21 Mar 2012

A budget for the rich?

In the weeks before the budget, the debate focused on one issue. If the government cut the 50p tax rate, as they had threatened, would the budget end up being dismissed as a giveaway for the rich?

In the end, George Osborne did announce an end to the 50p income tax rate, but argued that the budget was in fact tough on the super rich because he would hit them with other taxes.

“Thanks to the other new taxes on the rich I’ve announced today, we’ll be getting five times more money each and every year from the wealthiest in our society,” he told the House of Commons.

“So the richest pay more. The economy benefits. Britain is competitive again.”

His calculation, endorsed by the government’s independent watchdog, the Office for Budget Responsibility (OBR), was that reducing the 50p tax rate to 45p would only cost the exchequer £100m a year, and that other taxes aimed at the super rich would raise five times that.

Those taxes take three forms. There’s an increase on the stamp duty on the sale of houses worth more than £2m, to 7 per cent. £2m houses bought through offshore companies will attract a punitive rate of 15 per cent.

And from 2014-15, he expects to receive £490m from a crackdown on a series of highly abusive tax loopholes which are listed in the budget as “unlimited tax relief”.

These are essentially complex schemes marketed aggressively by small tax firms, which seek to exploit the tax breaks made available to industries such as films to encourage domestic productions.
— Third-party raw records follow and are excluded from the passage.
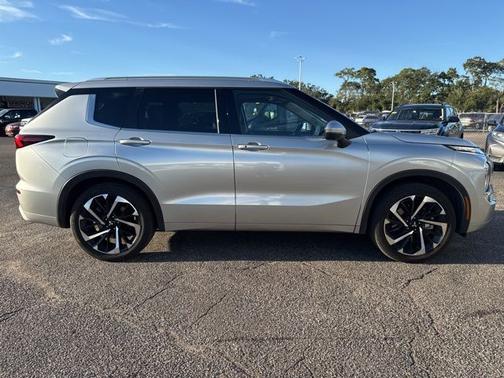 2024 Mitsubishi Outlander SEL
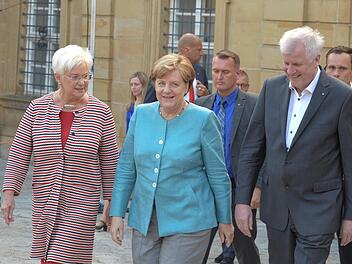 CSU-Landesgruppenchefin Gerda Hasselfeldt, Bundeskanzlerin Angela Merkel und Ministerpräsident Horst Seehofer bei der Klausurtagung in Kloster Banz Foto: Ronald Rinklef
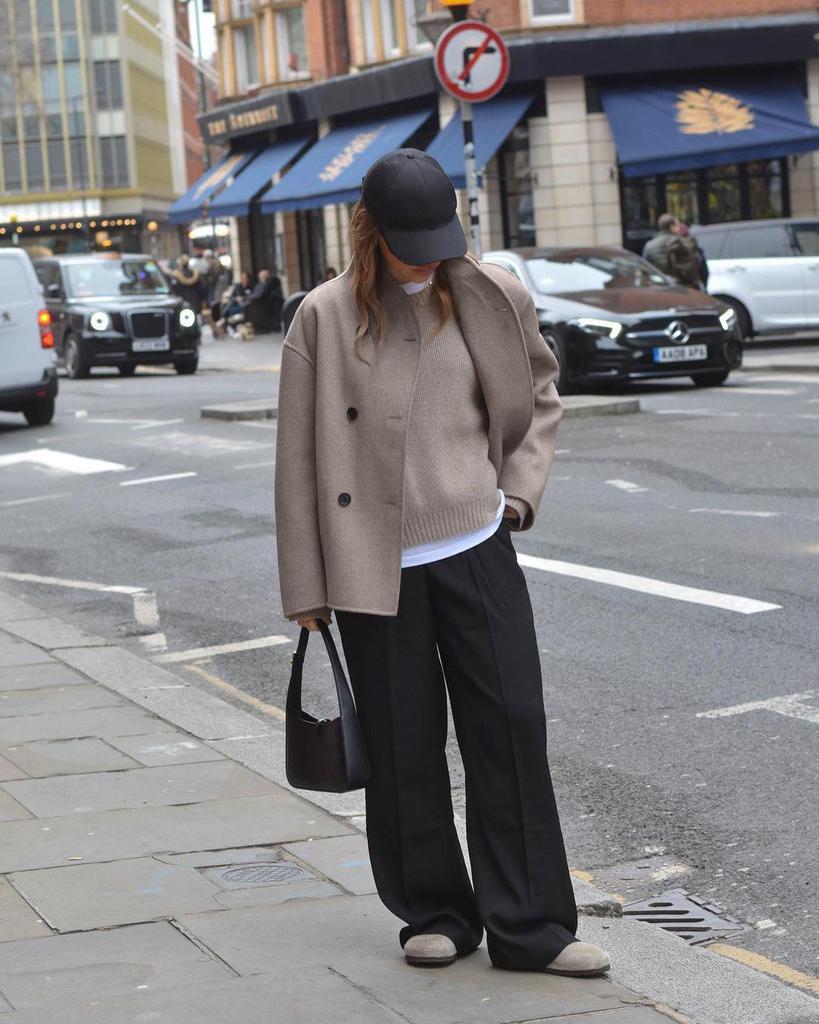 2025 Autumn/Winter Women's Retro Brown Wool V-Neck Warm Coat - European & American Style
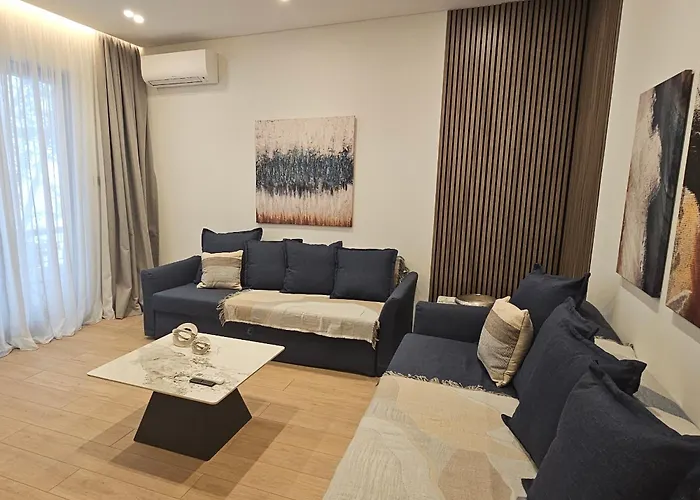 S & E Luxury Residences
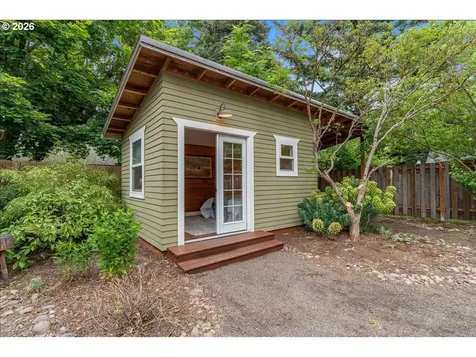 7515 SE Martins Street Portland OR 97206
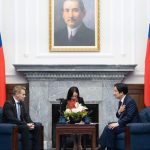 cinden israilli vekile tehdit duser ve paramparca olur ikWXb4I1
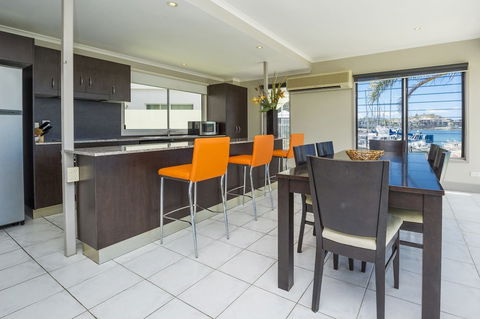 Magnetic Docks Townhouse 1 - Tourism TAS 5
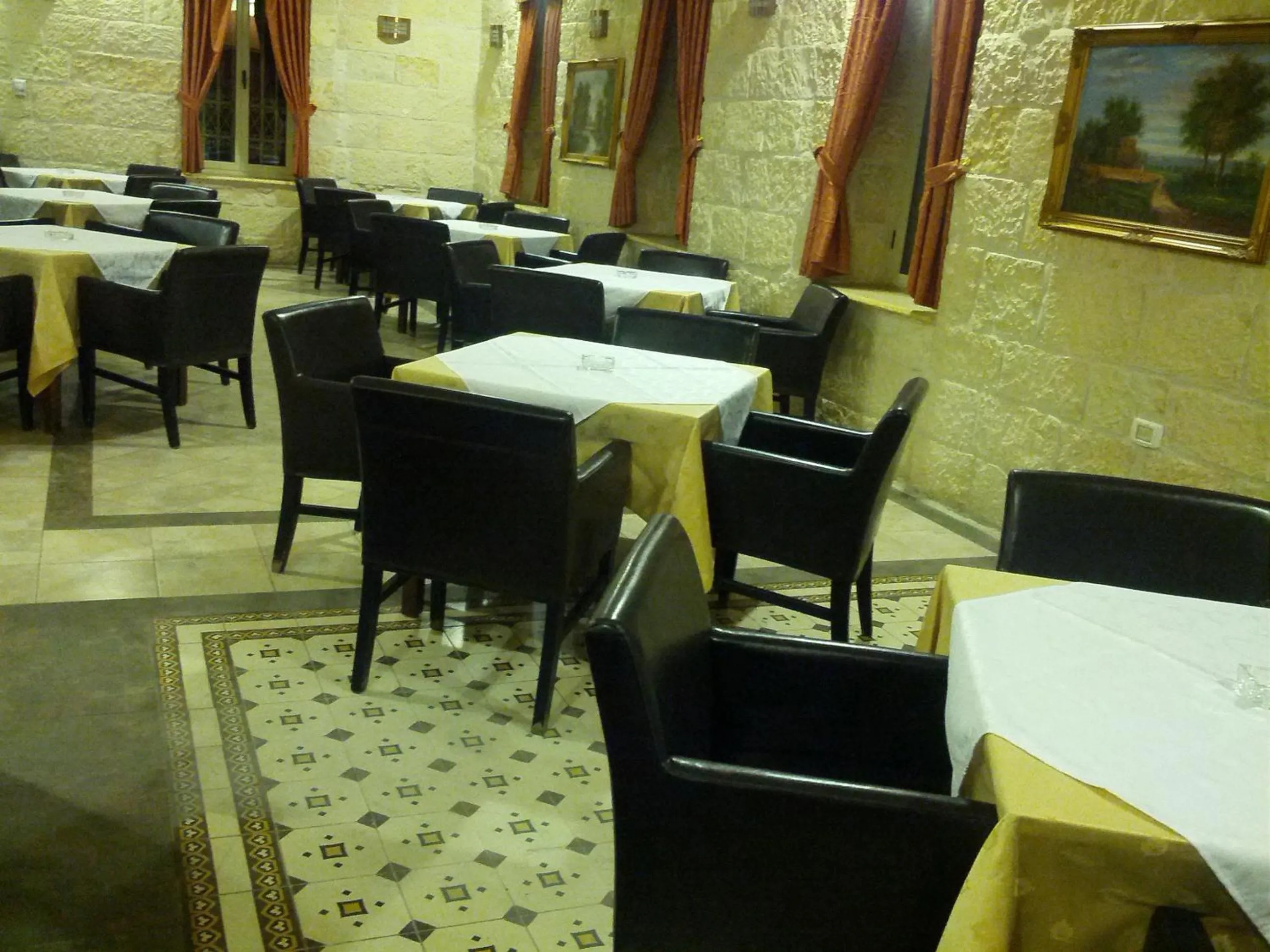 Restaurant/places to eat in Alhambra Palace Hotel Suites - Ramallah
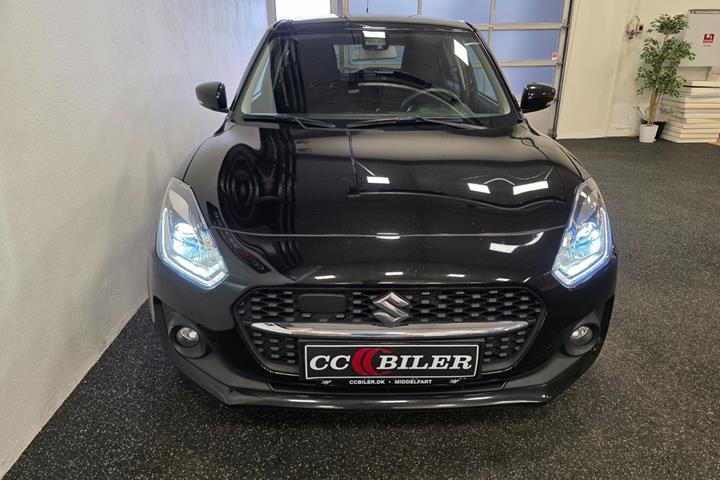 Sort Suzuki Swift fra 2020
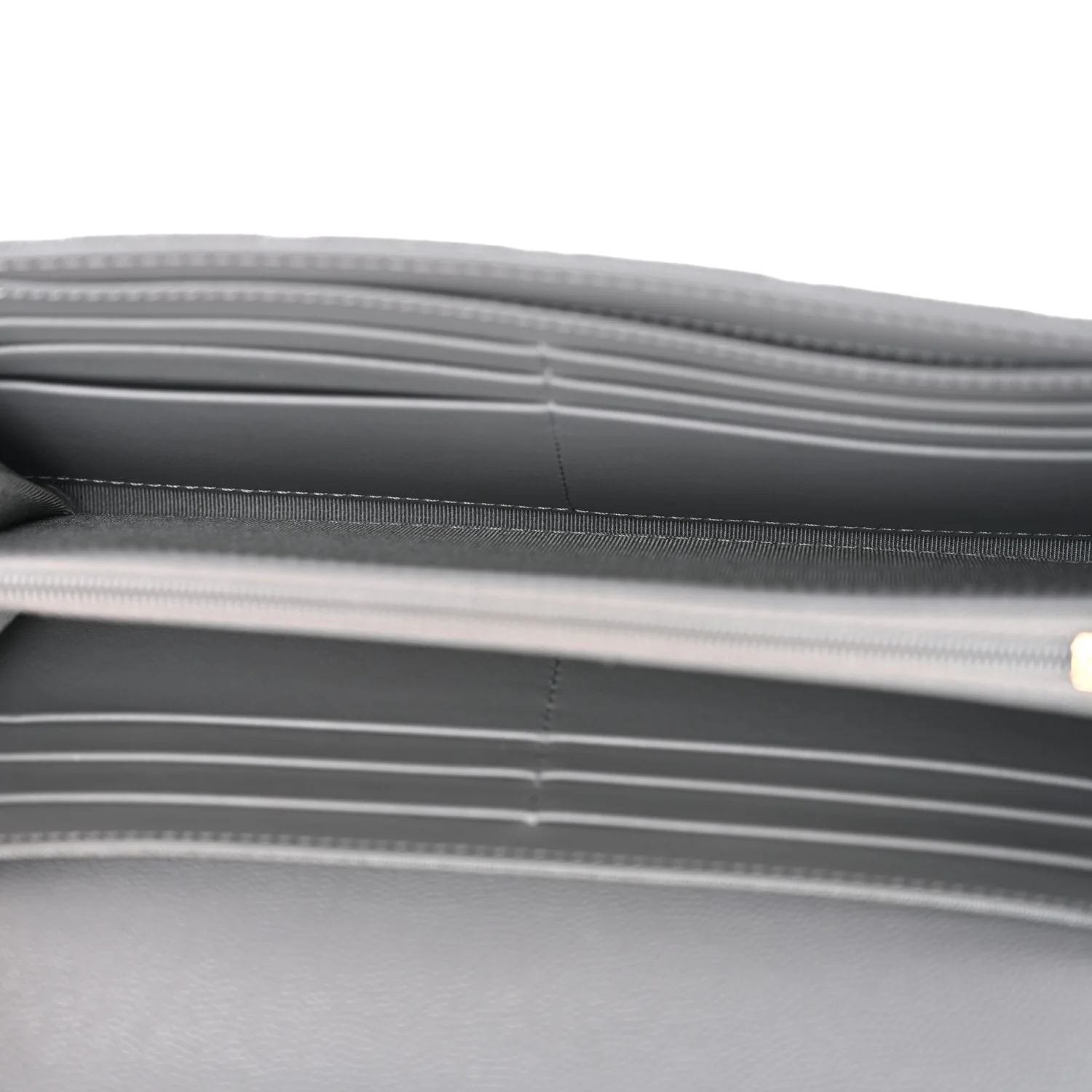 Caviar Quilted Large Gusset Flap Wallet Grey - Image 5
Add these up, and it turns out George Osborne is being modest. His extra taxes on the rich will raise more than seven times the cost of scrapping the 50p in 2014-15.

Gains from cracking down on evasion are notoriously difficult to realise, but the tax expert Stephen Herring, a partner at BDO, estimates successfully closing “unlimited tax relief” loopholes could easily raise half a billion pounds.

It is the other side of the equation that is more doubtful. “I am surprised about that estimate. It’s radically reduces from the estimate that HMRC made at the time of the autumn statement and last year’s budget. And I want to know a little bit more about it than just being told that the OBR has approved it.”

Robert Chote, the head of the OBR, admitted that the number was “by no means unarguable.”

However, the budget will certainly leave a large number of high earners better off. The increases in stamp duty only apply to a minority of 50p tax rate payers, though it hits them very hard. And the crack down on unlimited tax relief abuse only hits those who take advantage of it, which is also a minority.

It may not be a budget for the rich, but this combination of tax measures will leave a large number of higher earners better off, even if Osborne’s claim is correct that the super-wealthy as a group end up paying more.